I returned to Plymouth and The British Art Show 7 a couple of weekends ago to see another segment of Christian Marclay’s 24 hour film The Clock, whose screened collage of time contained and observed within movies and TV programmes remains congruent with the daily passage of time in the real world. Having previously witnessed the events of the late afternoon, this time I caught the period between 11.15 and 12.45. One of my speculations, voiced in previous comments below, was answered. Peter Fonda looks meaningfully at his wristwatch in Easy Rider before discarding it onto the rocky New Mexican ground, affording us a clear glimpse of the time: 11.38. Young Lukas Haas also attempts to cast aside the tyranny of time in the TV movie David and Lisa, after first having told his psychologist, played by Sidney Poitier, that he has invented an atomic watch which will tell the precise time for centuries. Poitier suggests that people might not want to be constantly reminded of the passing of their lives, which leads Haas to rail against time and mortality, finally throwing something at the grandfather clock in the corner of the office and shattering its face. It’s also clock smashing time in the Laurel and Hardy short Dirty Work, in which Stan, inadvisably left to look after the fireplace end of their chimneysweeping enterprise, knocks a heavy carriage clock off the mantelpiece. His frantic efforts to silence its loud and incessant chiming culminate in his wrapping it in canvas and bludgeoning it with a handy nearby shovel. Stan also wanders vacuously through the corridors of the County Hospital in which Ollie has been laid up, an absently approaching nemesis with a bag of hard boiled eggs and nuts in his hand. The clock in the lobby behind him clearly indicates the time, counting down the minutes until his friend will be plunged into yet another nice mess. A recovering Ollie will later ruefully and wearily repeat Stan’s vaguely stated reason for visiting at this time: ‘You had nothing better to do, so you thought you’d come and see me’.

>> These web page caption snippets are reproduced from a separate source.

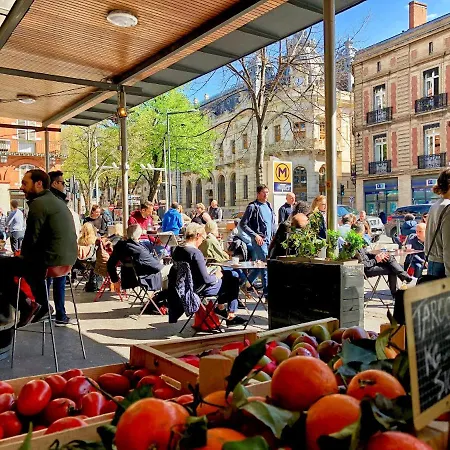 Cocon Au Coeur De La Ville Toulouse
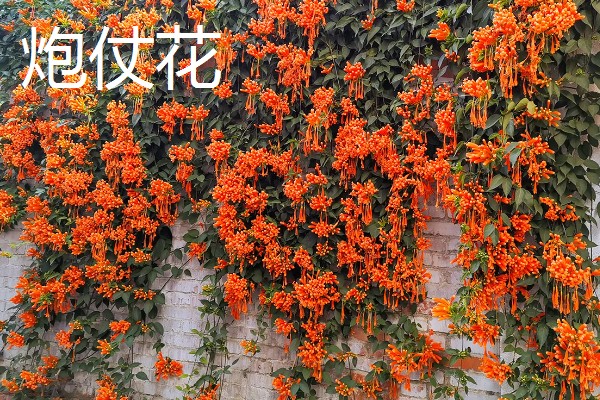 有什么四季常绿的爬藤类植物，常见常春藤、络石、绿萝等品种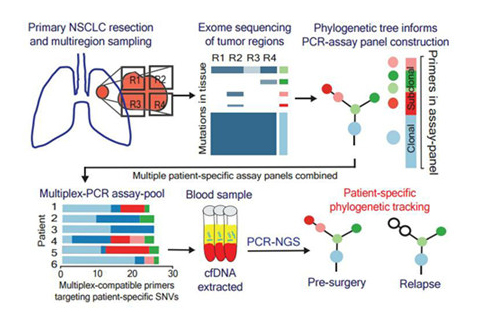 1494989863386887Zkao.jpg 4.jpg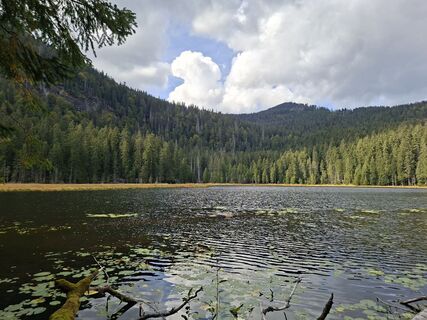 Foto de Sabine Krohn a lo largo del recorrido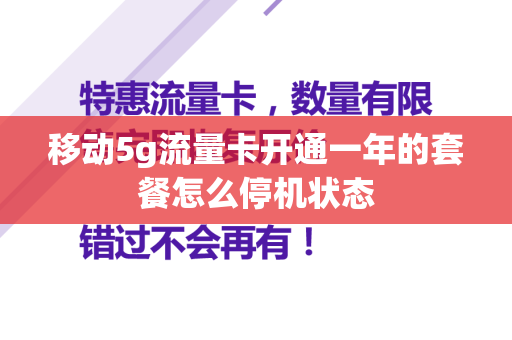 移动5g流量卡开通一年的套餐怎么停机状态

Stan tries to silence time - Dirty Work
Late morning and early afternoon seems to be a time when mortality preys on the mind, perhaps a side effect of low blood sugar mood dips as lunchtime looms. Columbo has a blood pressure check up at the doctor’s, admittedly more to test out a few theories requiring medical know how than to allay any health fears. There are a couple of chill post mortem scenes in grey mortuaries in which slabside analyses are made before small gatherings of ruminating detectives, and the time of official conclusions noted. There is an agonisingly drawn out wait as the bureaucracy of execution is observed, leading up to the release of gas into a sealed chamber, ending a young woman’s life. Another life is ended as a body drops through the trapdoor of a gallows with shocking suddenness. Emmanuelle Beart returns as a very solid ghost, a revenant returning to the house in which she committed suicide in Jacques Rivette’s L’Histoire de Marie et Julien. Colin Firth’s college professor in A Single Man disconsolately addresses his bored students on the theme of anxiety in literature, the sense that a life can pass in which no-one listens to or really cares about you or anything you say. He is evidently not talking in the abstract, but articulating his own feelings.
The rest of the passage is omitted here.